L’industrie des noms de domaine évolue en permanence et de nouveaux usages se dégagent : quelles extensions privilégier pour enregistrer des noms de domaine d’entreprise ? Quelles sont celles qui accusent une perte de vitesse ? Voici les données à prendre en considération pour une bonne gestion de votre portefeuille de noms de domaine.
NOMS DE DOMAINE DISPONIBLES : UN CHOIX À FAIRE PARMI 1600 EXTENSIONS
Selon les récents rapports publiés par les acteurs de l’industrie des noms de domaine, et notamment celui de l’Afnic (le registre du .FR), le nombre de noms de domaine à la fin de l’année 2021 serait d’environ 352 millions (quelques extensions ayant été délibérément exclues de ce décompte en raison de chiffres indisponibles ou peu fiables). Et dans un marché mondial toujours largement dominé par le .COM avec plus de 160 millions de noms (47 % environ du marché), les noms de domaine se répartissent dans près de 1 600 extensions.

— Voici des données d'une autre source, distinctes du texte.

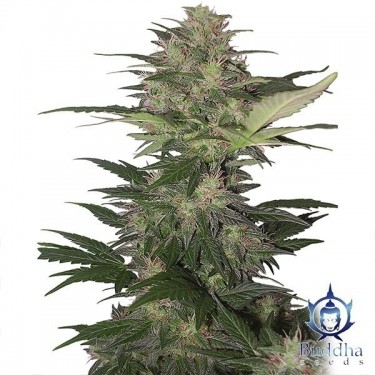 Planta de maconha anã vermelha
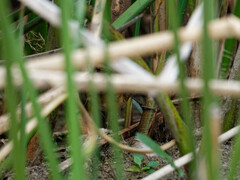 Phleocryptes melanops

Qu’est-ce qu’une extension ?
Votre nom de domaine (ou NDD en abrégé), comme vous le savez, est composé de deux parties séparées par un point. Avant ce point, le nom proprement dit qui correspond à celui de votre société, marque ou produit… Après ce point, se trouve la partie qui désigne l’extension, constituée de quelques lettres, de type .COM, .FR…, qu’on appelle aussi domaine ou TLD (« Top Level Domain », en anglais). On choisit cette extension en fonction des disponibilités du marché, des besoins spécifiques à l’entreprise (implantation, activité…) ou de sa signification même. On distingue en effet plusieurs catégories ou familles d’extensions.
Les familles d’extensions
- Les extensions historiques, dites « Legacy TLDs », créées avant 2012 : il s’agit des .COM, .NET, .ORG, .BIZ, .INFO, .AERO, .ASIA, .CAT, .COOP, .JOBS, .MOBI, .MUSEUM, .NAME, .POST, .PRO, .TEL, .TRAVEL, .XXX. Au nombre de 18, ces extensions représenteraient plus de la moitié du marché des noms de domaine, avec environ 196 millions de noms enregistrés (source : Afnic).

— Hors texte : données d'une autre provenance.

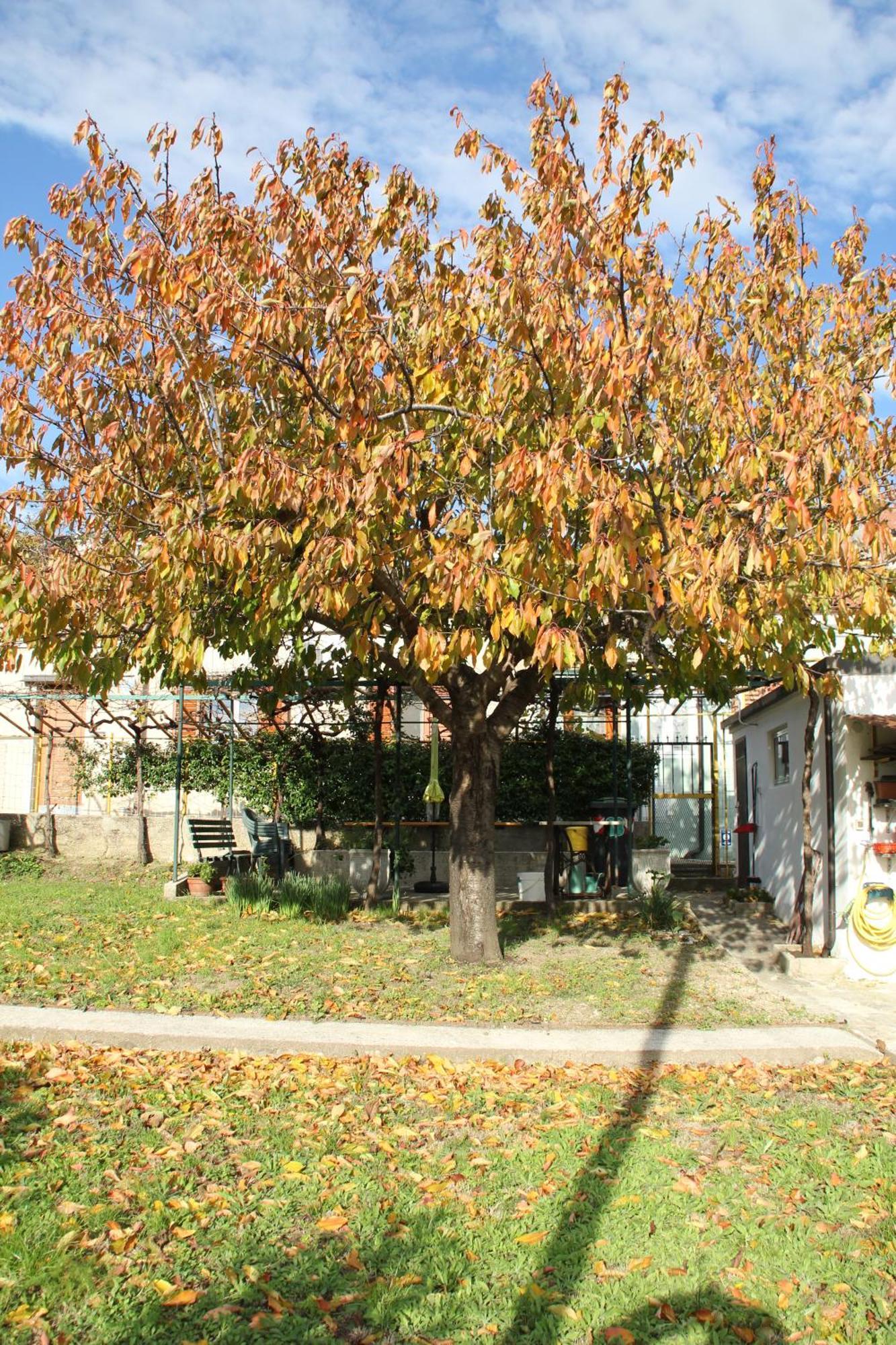 Villa Il Gelsomino Trieste Exterior foto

- Les extensions géographiques, dites ccTLDs pour « country-code Top Level Domains » (.DE, .FR, .EU, .IT…). Elles compteraient un peu plus de 130 millions de noms de domaine malgré un recul notable des .CN (Chine) et .TW (Taiwan), l’Europe représentant environ 60 % de l’ensemble. Selon les stratégies marketing adoptées par les registres, il se dessine deux sous-catégories qu’il importe de connaître lorsqu’on définit un périmètre de protection sur Internet :
- Les « vrais ccTLDs », c’est-à-dire les extensions commercialisées pour représenter un pays (.FR par ex.), y pèsent la plus grande part, avec environ 125 millions de noms de domaine ;
- Les « quasi gTLDs » (6,1 millions), des extensions dont l’originalité est d’utiliser des codes pays à des fins génériques : le .TV (Iles Tuvalu – « Télévision »), le .ME (Montenegro – « Moi »), le .CO (Colombie – « Commercial »), le .NU (Ile de Niue – « Nouveau » en suédois), le .IO (Territoires britanniques de l’Océan indien – « Input/Output (Entrée/Sortie)), le .LA (Laos – « Los Angeles ») et le .VC (Saint-Vincent et les Grenadines – « Venture Capitalist »).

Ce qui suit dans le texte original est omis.